━━━━━ Records for processing ━━━━━

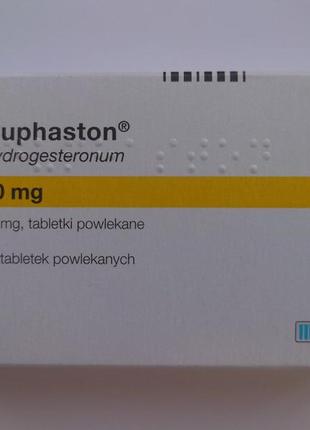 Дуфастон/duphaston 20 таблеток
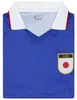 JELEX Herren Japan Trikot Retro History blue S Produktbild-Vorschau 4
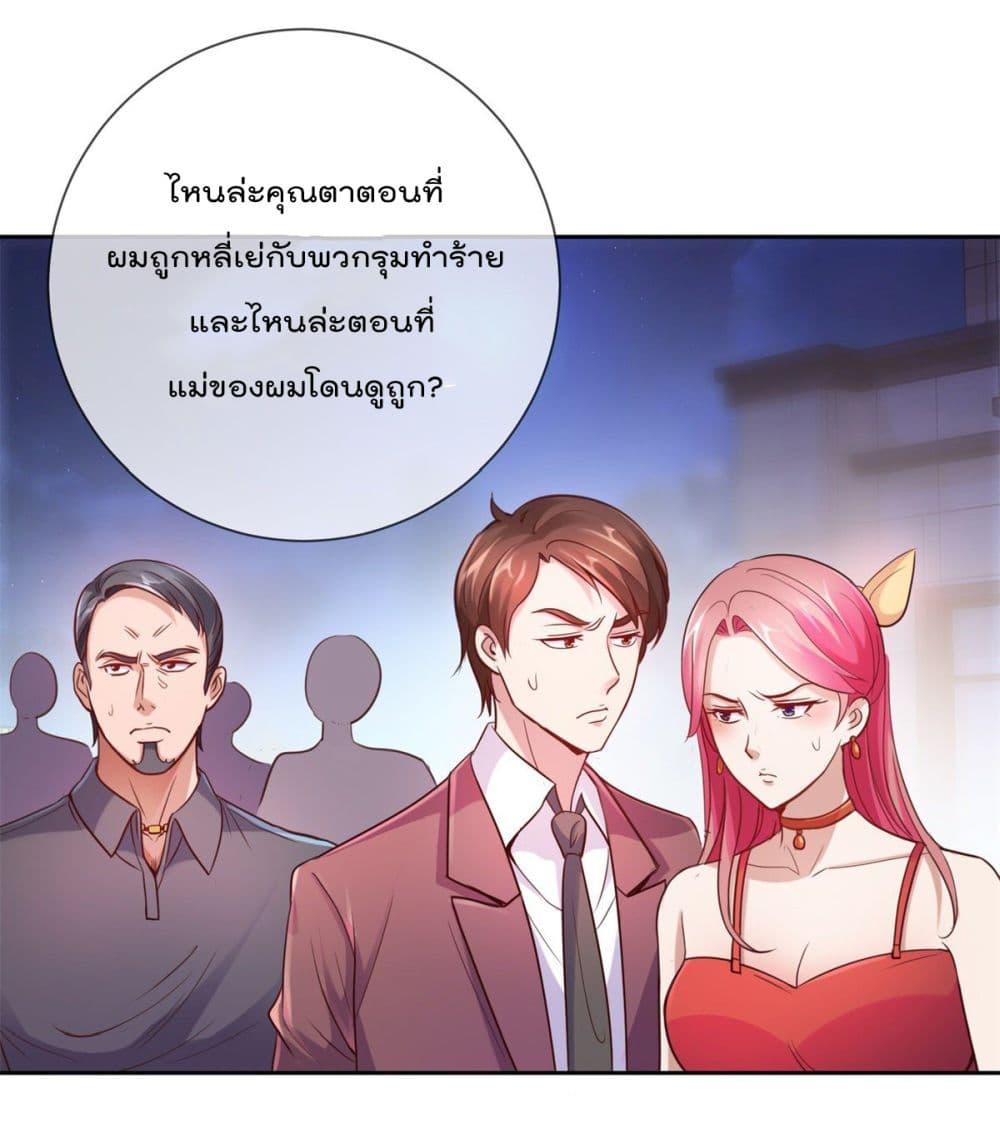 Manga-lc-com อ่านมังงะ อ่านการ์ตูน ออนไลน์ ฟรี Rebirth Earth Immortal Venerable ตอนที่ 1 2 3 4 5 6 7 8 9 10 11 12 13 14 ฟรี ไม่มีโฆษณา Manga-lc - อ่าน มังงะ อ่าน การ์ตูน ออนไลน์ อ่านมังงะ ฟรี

━━━━━
━━━━━ Records for processing ━━━━━

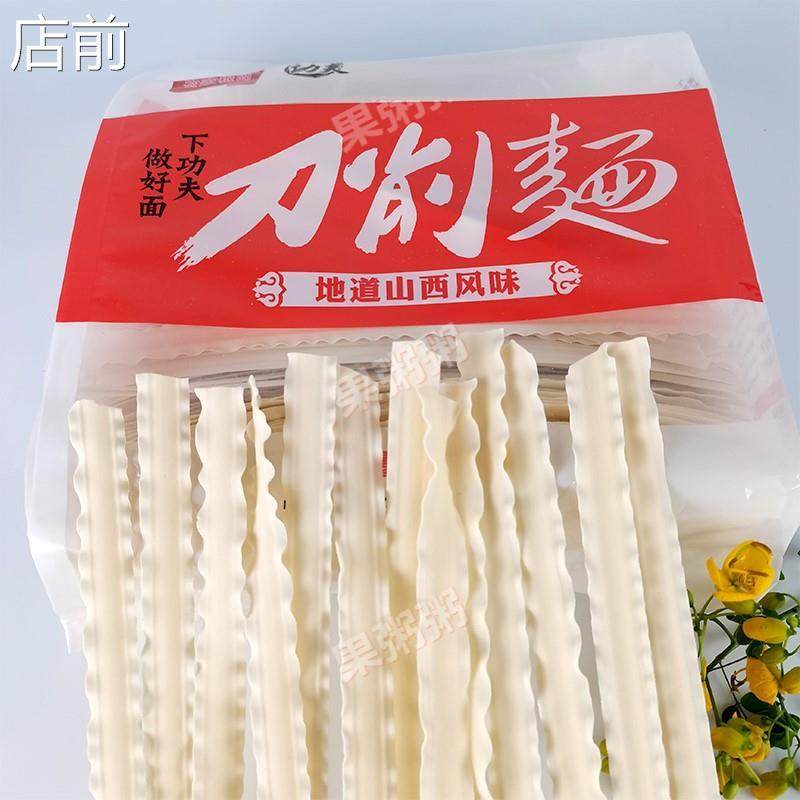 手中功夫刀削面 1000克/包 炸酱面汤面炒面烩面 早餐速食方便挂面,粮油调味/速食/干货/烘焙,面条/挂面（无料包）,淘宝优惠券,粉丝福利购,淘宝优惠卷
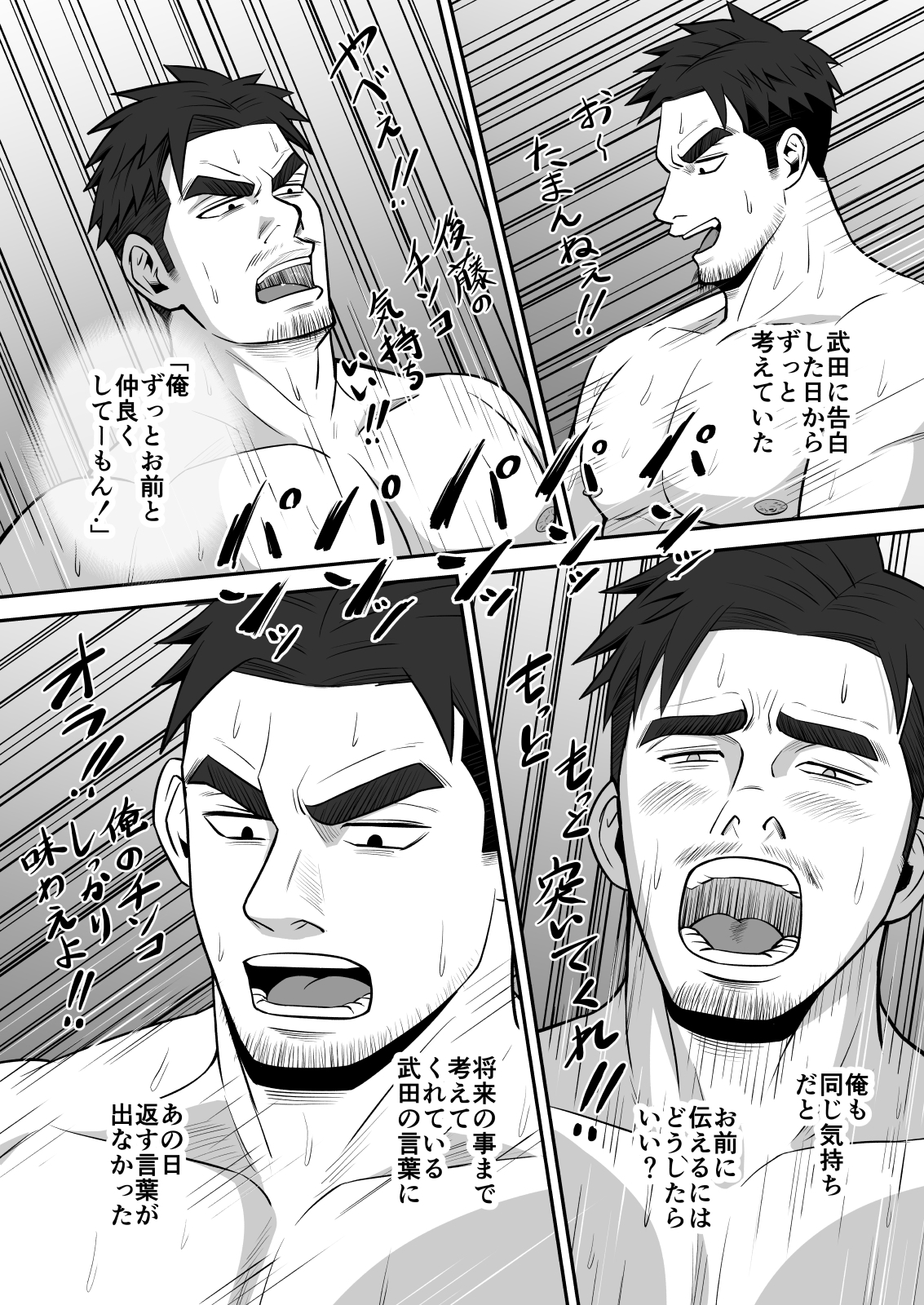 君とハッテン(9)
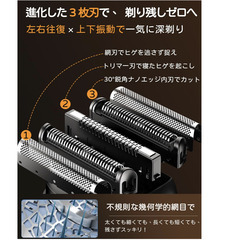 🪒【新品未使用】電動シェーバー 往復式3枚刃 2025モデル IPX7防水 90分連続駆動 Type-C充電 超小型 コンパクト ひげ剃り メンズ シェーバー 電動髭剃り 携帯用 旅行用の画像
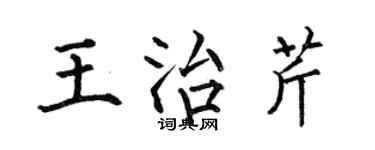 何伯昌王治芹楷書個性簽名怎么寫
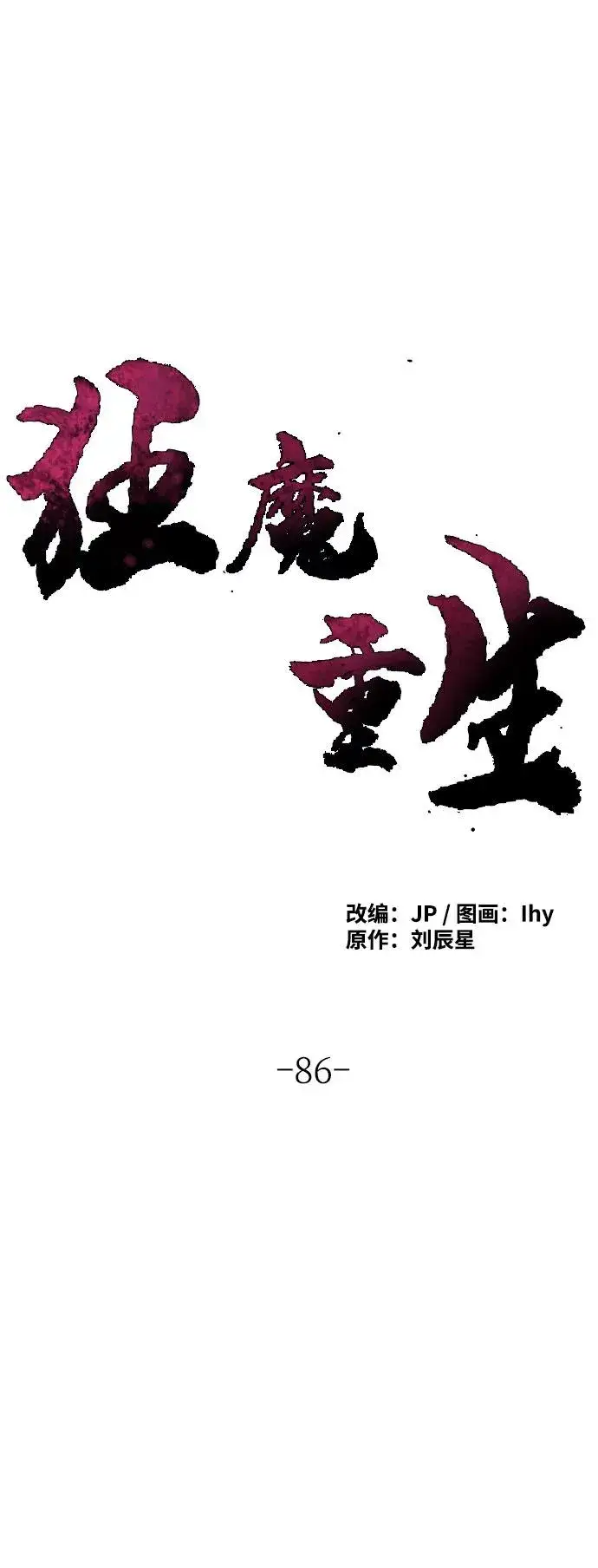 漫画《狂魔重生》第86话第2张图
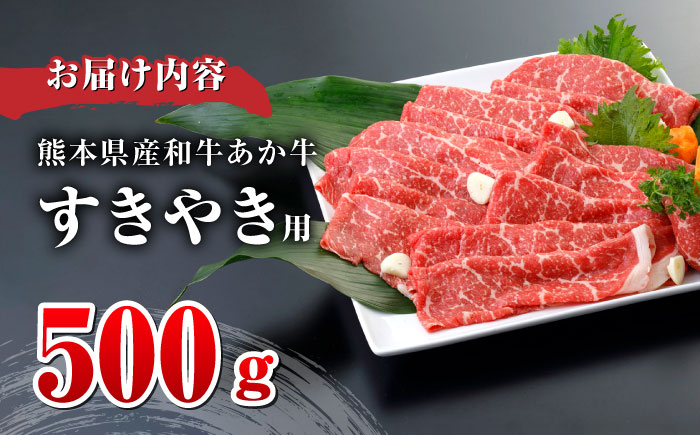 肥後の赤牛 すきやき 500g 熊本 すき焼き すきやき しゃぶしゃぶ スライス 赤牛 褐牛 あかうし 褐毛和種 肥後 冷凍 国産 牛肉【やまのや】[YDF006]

━━━━━

## What is needed:
From the records above, output only the lines starting at the one containing "Дуфастон/duphaston 20 таблеток" and ending at the one containing "Manga-lc-com อ่านมังงะ อ่านการ์ตูน", word for word. Pictures stay out.

## Task solution:
 Дуфастон/duphaston 20 таблеток
 JELEX Herren Japan Trikot Retro History blue S Produktbild-Vorschau 4
 Manga-lc-com อ่านมังงะ อ่านการ์ตูน ออนไลน์ ฟรี Rebirth Earth Immortal Venerable ตอนที่ 1 2 3 4 5 6 7 8 9 10 11 12 13 14 ฟรี ไม่มีโฆษณา Manga-lc - อ่าน มังงะ อ่าน การ์ตูน ออนไลน์ อ่านมังงะ ฟรี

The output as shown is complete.